The following few subsections create models using a variety of methods. The first section below creates models using simple methods.
# Mean Method
energy_mean_model = energy_train |> model(Mean = MEAN(log_kwh))
# Naive Method
energy_naive_model = energy_train |> model(Naive = NAIVE(log_kwh))
# Seasonal Naive Method
energy_snaive_model = energy_train |> model(SNaive = SNAIVE(log_kwh ~ lag("year")))
# Drift Method
energy_drift_model = energy_train |> model(Drift = RW(log_kwh ~ drift()))
The following models use simple models on seasonally adjusted data. The data has been decomposed using either the STL method, X11 method, or SEATS method. The classic decomposition methods are not used for generating models since they utilize moving averages that doesn’t allow for the trends to be calculated for the first and last few observations.
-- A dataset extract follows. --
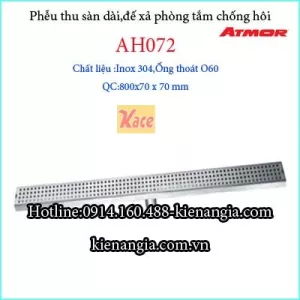 Xả lọc rác inox dài Atmor 70x800xD60 KAG-AH072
# MEAN Method on Seasonally Adjusted Data using STL Decomposition
stl_energy_mean_model = energy_train |> model(STL_MEAN = decomposition_model(STL(log_kwh),
MEAN(season_adjust)))
# Naive Method on Seasonally Adjusted Data using STL Decomposition
stl_energy_naive_model = energy_train |> model(STL_NAIVE = decomposition_model(STL(log_kwh),
NAIVE(season_adjust)))
# MEAN Method on Seasonally Adjusted Data using X11 Decomposition
x11_energy_mean_model = energy_train |>
model(x11_mean = decomposition_model(X_13ARIMA_SEATS(log_kwh ~ x11()), MEAN(season_adjust)))
# Naive Method on Seasonally Adjusted Data using X11 Decomposition
x11_energy_naive_model = energy_train |>
model(x11_naive = decomposition_model(X_13ARIMA_SEATS(log_kwh ~ x11()), NAIVE(season_adjust)))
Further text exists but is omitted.